To do
Look for the line containing "Volkswagen T-Roc 1.5" and the line containing "Кирилл Буданов, руководитель" in the entries below. Copy those two and all lines between them exactly, leaving out pictures.

Source data
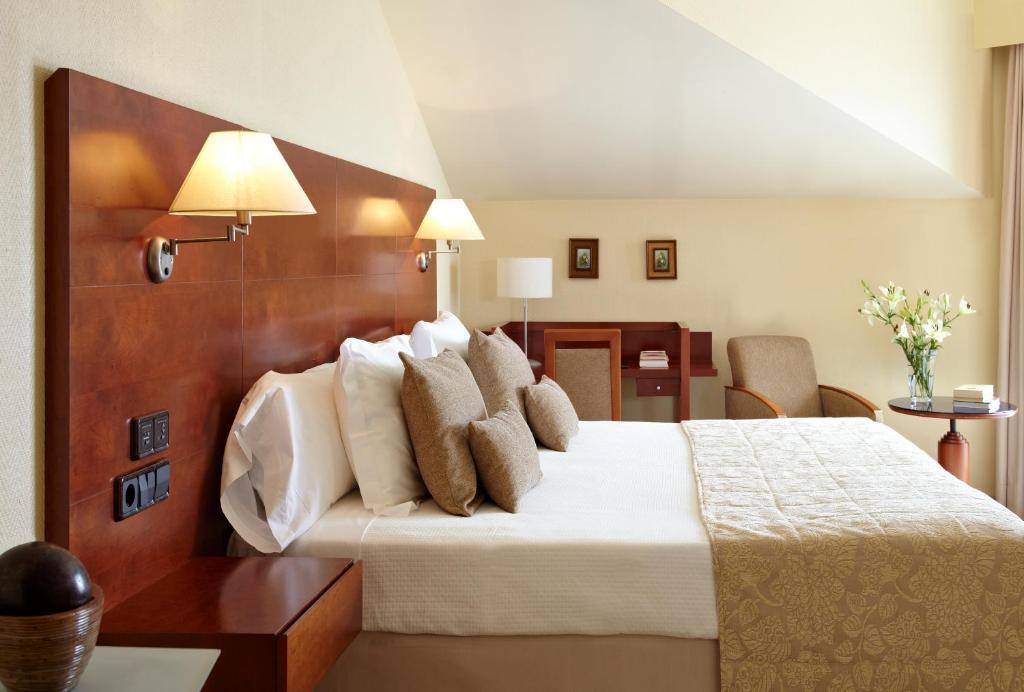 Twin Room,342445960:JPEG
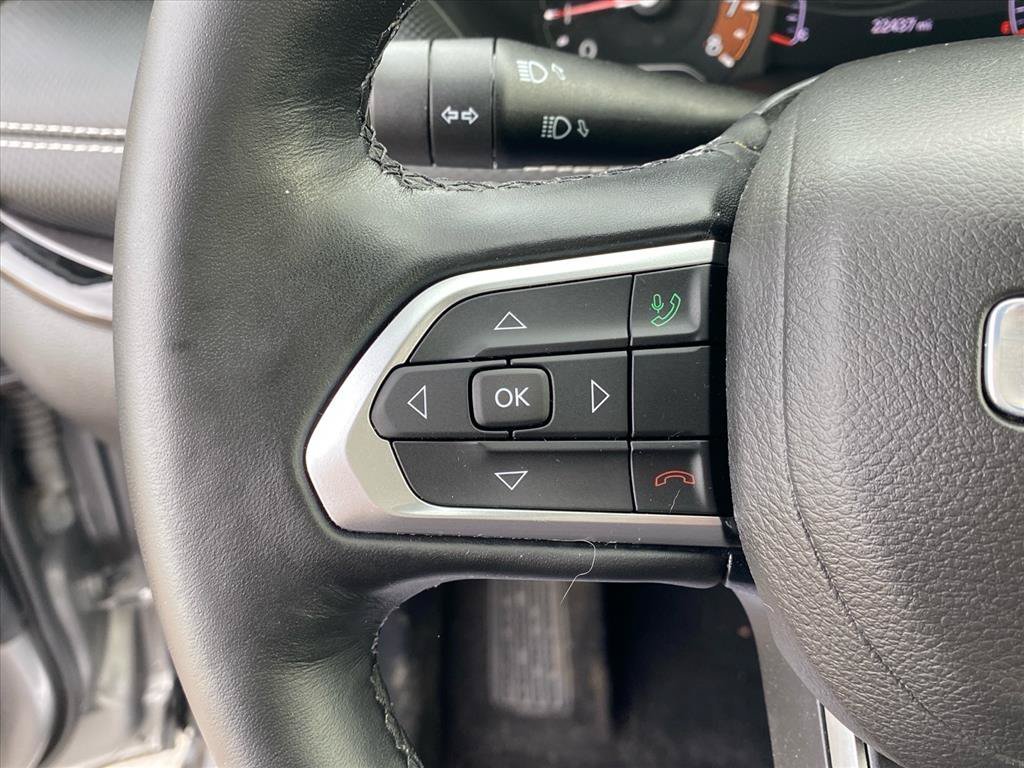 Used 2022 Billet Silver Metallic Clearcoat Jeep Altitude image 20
==
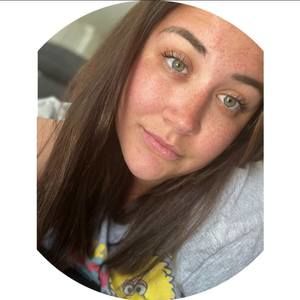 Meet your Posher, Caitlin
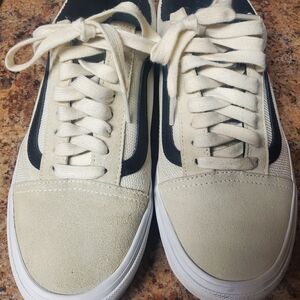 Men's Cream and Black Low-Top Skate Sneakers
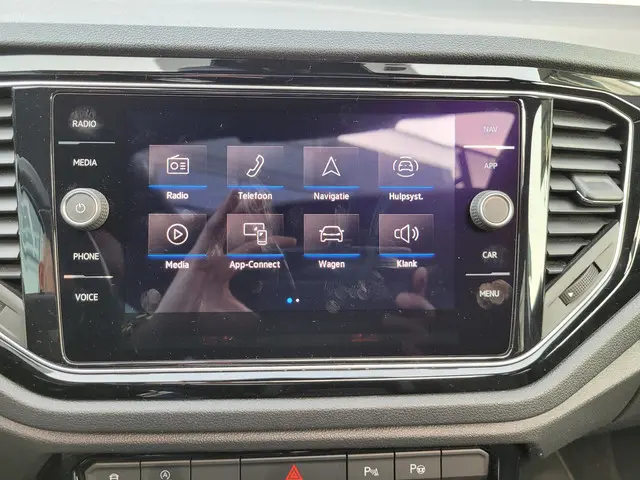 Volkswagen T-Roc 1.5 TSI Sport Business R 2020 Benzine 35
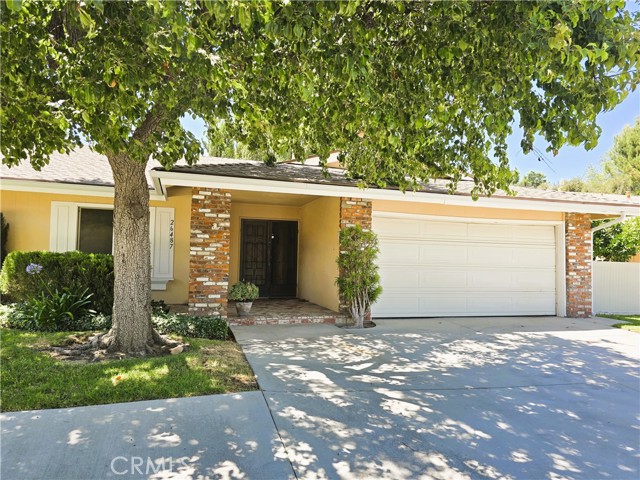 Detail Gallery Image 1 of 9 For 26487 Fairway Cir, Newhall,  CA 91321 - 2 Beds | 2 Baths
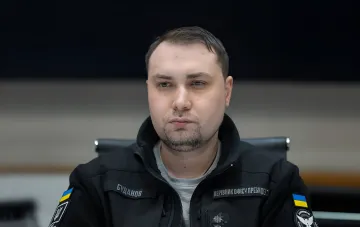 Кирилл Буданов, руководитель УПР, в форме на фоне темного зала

Response
 Volkswagen T-Roc 1.5 TSI Sport Business R 2020 Benzine 35
 Detail Gallery Image 1 of 9 For 26487 Fairway Cir, Newhall,  CA 91321 - 2 Beds | 2 Baths
 Кирилл Буданов, руководитель УПР, в форме на фоне темного зала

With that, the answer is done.